The correlation analysis of the various predictors and the development of IMNC revealed that the platelet counts and the hemoglobin levels had a negative correlation, whereas the hematocrit value, the mean body temperature, and the SGPT levels had a moderately significant positive correlation with the development of IMNC. No correlation was observed between the age of the patient or the SGOT levels with the development of IMNC [Table 4].
GBS was observed in 32 cases (40.51%). The mean latency period for the development of GBS was 11.78 ± 7.61 days (mean ± standard deviation [SD]). Neurophysiological study revealed the acute motor and sensory axonal neuropathy (AMSAN) subtype as the most common variety in 18 cases, followed by acute motor axonal neuropathy (AMAN), acute inflammatory demyelinating polyradiculoneuropathy (AIDP), and Miller Fisher syndrome (MFS) [Appendix 1] and [Appendix 2]. Out of the 32 GBS patients, 3 were diagnosed as having MFS (pre- and post-treatment Video 1 and 2, respectively), among which the ganglioside antibody profile (as assessed by the serum immunoblot assay) was positive only in 1 patient for the antiGQ1b ganglioside antibody, whereas the remaining patients were negative for all the antibodies (antiGQ1b, GM1-3, GD1a, GD1b, and GT1b). ADEM was found in 9 patients (11.39%) with a mean latency period of 10.44 ± 5.57 days (mean ± SD). MRI of the brain and cervical spine depicted extensive multifocal predominant white matter lesions on T2-weighted and fluid attenuated inversion recovery (FLAIR) images with involvement of the frontal, parietal, and temporal white matter as well as the corpus callosum [Figure 1]. However, in 3 patients, the brainstem and bilateral thalami were also involved. In the myelitis segment of ADEM, it is worth mentioning that 7 patients had longitudinal extensive transverse myelitis (LETM) with negative anti- neuromyelitis optica (NMO) antibodies. The attainment of complete recovery after a 3-month follow-up in ADEM patients who received methylprednisolone (MPS) was better (87.5%) than those who received other forms of IMT (50%), although the result was statistically insignificant.
An isolated IMCD was observed to be a new finding in 3 patients. MRI of the brain of these IMCD patients demonstrated areas of altered signal intensities in bilateral cerebellar white matter, appearing hypointense on T1, and hyperintense on T2 weighted images without any mass effect [Figure 2]. The cerebrospinal fluid (CSF) examination revealed elevated proteins (71 mg%) with normal sugar (58mg%) and cell count (<5/cu.mm.). The CSF examination revealed normal adenosine deaminase (ADA) levels with negative India ink preparation and oligoclonal bands (OCB). To exclude other diagnostic possibilities with a similar kind of cerebellar involvement, relevant investigations, including serum angiotensin converting enzyme (ACE) level; venereal disease laboratory (VDRL) test; tests for varicella zoster virus (VZV), human immunodeficiency virus (HIV) and herpes simplex virus (HSV); anti-nuclear antibody (ANA) level, cytomegalovirus (CMV) level, and anti-thyroperoxidase (TPO) antibodies were also tested.

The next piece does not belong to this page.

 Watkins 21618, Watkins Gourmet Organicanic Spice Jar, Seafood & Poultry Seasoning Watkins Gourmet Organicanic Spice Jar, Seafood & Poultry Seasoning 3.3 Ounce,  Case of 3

Five patients had only myelitis as a complication of dengue infection. All the patients had more than 3 segment involvement, among which 3 had longitudinal extensive transverse myelitis [LETM] [Figure 3]. The CSF examination did not show any significant changes in cellularity or chemistry. Other investigations, considering the possibilities of inflammatory, infectious and autoimmune LETM were negative, which included anti-NMO antibodies, oligo-clonal bands (OCB), ACE level, tests for VZV, HIV, HSV, ANA, CMV, and anti-TPO antibodies. The functional outcome after 3 months follow-up in 4 patients who received MPS was favorable (mRS <2), whereas it was poor (mRS 3) in 1 patient who was treated with IVIG.
One patient of DHF with thrombocytopenia developed limbic encephalitis. The patient, 16 days after the abatement of fever, presented with altered behavior, hallucinations, forgetfulness, and a flurry of complex partial, and generalized tonic-clonic seizures. The MRI revealed a left temporal lobe and hippocampus area T2-weighted and FLAIR hyperintensity without diffusion restriction [Figure 4]. The investigations revealed positive anti N-methyl D-aspartate (NMDA) receptor antibodies in serum along with dengue ELISA test being positive for IgM. Rest of the investigations were normal, including polymerase chain reaction (PCR) for Japanese encephalitis (JE), HSV, and Mycobacterium tuberculosis in the CSF, which were done to exclude other causes of encephalitis and of paraneoplatic etiology. The serum samples were also negative for HIV, Epstein-Barr virus (EBV), and varicella zoster virus (VZV). Antinuclear antibody, rheumatoid factor, and anti-phospholipid antibodies (APLA) estimation to exclude autoimmune diseases were also found negative. She was treated with a 5-day course of MPS followed by the long-term administration of immunosuppressants and had a favorable outcome. However, this could be the case of NMDA positive autoimmune encephalitis or coincidental DENV, which needs to be correlated.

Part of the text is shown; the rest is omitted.